Se è sacrosanto che le eventuali colpe dei padri non possano ricadere sui figli, sulle questioni che si sono aperte da alcuni giorni e investono Antonio Di Maio permangono diversi nodi da sciogliere. Si tratta di curiosità legittime, nel rispetto di quella trasparenza che giustamente Luigi Di Maio invoca e tiene a dimostrare.

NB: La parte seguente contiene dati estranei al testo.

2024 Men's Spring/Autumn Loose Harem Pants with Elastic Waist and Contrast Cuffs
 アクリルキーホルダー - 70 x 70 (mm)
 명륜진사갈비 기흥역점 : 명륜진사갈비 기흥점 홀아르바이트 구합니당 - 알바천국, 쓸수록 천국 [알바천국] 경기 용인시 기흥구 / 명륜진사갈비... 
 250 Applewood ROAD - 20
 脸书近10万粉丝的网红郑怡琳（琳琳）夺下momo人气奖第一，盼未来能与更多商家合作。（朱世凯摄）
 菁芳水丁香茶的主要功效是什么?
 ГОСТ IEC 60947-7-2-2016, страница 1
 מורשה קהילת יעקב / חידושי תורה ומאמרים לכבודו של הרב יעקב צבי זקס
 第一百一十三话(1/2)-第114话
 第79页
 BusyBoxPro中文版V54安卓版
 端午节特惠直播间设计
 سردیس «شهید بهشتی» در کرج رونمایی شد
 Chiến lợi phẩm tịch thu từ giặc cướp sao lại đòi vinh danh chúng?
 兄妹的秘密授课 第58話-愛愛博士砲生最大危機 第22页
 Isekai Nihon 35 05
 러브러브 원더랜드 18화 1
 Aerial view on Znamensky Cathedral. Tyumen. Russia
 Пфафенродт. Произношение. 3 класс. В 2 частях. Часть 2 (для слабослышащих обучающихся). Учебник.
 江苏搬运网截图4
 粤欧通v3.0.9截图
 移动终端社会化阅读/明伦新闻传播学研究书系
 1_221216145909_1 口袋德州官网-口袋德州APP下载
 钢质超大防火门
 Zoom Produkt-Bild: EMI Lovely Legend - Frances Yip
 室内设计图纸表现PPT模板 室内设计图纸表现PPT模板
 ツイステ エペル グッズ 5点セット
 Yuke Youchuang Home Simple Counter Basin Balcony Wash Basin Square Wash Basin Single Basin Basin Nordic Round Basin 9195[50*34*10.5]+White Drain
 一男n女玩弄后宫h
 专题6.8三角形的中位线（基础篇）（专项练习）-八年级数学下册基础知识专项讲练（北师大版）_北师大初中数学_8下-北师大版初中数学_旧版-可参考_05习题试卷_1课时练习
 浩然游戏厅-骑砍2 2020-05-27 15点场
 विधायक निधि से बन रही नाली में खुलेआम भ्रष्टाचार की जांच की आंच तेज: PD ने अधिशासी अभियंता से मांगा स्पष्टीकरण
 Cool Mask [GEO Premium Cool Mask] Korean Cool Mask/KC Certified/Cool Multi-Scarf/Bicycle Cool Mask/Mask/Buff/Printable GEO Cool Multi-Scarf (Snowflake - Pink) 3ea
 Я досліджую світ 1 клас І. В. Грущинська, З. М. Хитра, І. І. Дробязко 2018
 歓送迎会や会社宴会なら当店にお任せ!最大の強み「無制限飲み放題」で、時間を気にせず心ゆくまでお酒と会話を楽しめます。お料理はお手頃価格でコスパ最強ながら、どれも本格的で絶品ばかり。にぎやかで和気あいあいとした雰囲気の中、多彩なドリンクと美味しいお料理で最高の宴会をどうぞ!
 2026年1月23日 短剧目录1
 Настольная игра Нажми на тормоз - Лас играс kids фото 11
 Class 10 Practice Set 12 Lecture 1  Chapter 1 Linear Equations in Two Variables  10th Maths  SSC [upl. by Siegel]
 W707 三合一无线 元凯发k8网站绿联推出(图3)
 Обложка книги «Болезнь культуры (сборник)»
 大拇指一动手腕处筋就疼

Alle «Iene» il vicepremier ha dichiarato di aver lavorato d'estate nella ditta di famiglia, per dare una mano. Lavoro regolare, dimostrabile. Ma, nei documenti pubblicati in rete due giorni fa, figura un'assunzione a tempo determinato di mesi non estivi, da febbraio a maggio di dieci anni fa. Lavoro in un cantiere di una casa in ristrutturazione in via Ugo Ricci, nel quartiere Vomero a Napoli. Cattiva memoria, su un'attività svolta da operaio manovale a 22 anni? Sugli abusi edilizi il vice premier ha parlato invece di manufatti risalenti alla fine della seconda guerra mondiale. Al Comune di Mariglianella non hanno trovato atti che riguardano quelle costruzioni, che sicuramente non potevano essere ignorate se proprio in via Umberto a Mariglianella c'era la prima sede della Ardima quando ancora era ditta individuale, tanto che in quei manufatti-depositi erano custoditi gli attrezzi necessari agli operai che da lì partivano per i cantieri.
 
Questioni che si intrecciano con le denunce televisive delle «Iene» per i quattro casi di lavoratori in nero, negli anni precedenti alla trasformazione della Ardima in srl e quindi prima della donazione della proprietà dalla signora Paolina Esposito, madre del vice premier, al figlio Luigi e alla figlia Rosalba. Anche in questo caso, Luigi Di Maio ha spiegato di non saperne nulla, anche perché c'è stato un periodo di rapporti non buoni con il padre in cui non sempre il genitore gli parlava. Ci può stare tutto, anche se fare le pulci al comportamento familiare nasce proprio dalla necessità di trasparenza che il vice premier fa sua in ogni dichiarazione. Come l'ultima questione sollevata dalla deputata Pd Anna Ascani: poteva una docente, poi dirigente scolastica, come dipendente pubblica essere proprietaria e rappresentante legale di una ditta individuale? Roba passata, per un periodo di sette anni, ora in evidenza.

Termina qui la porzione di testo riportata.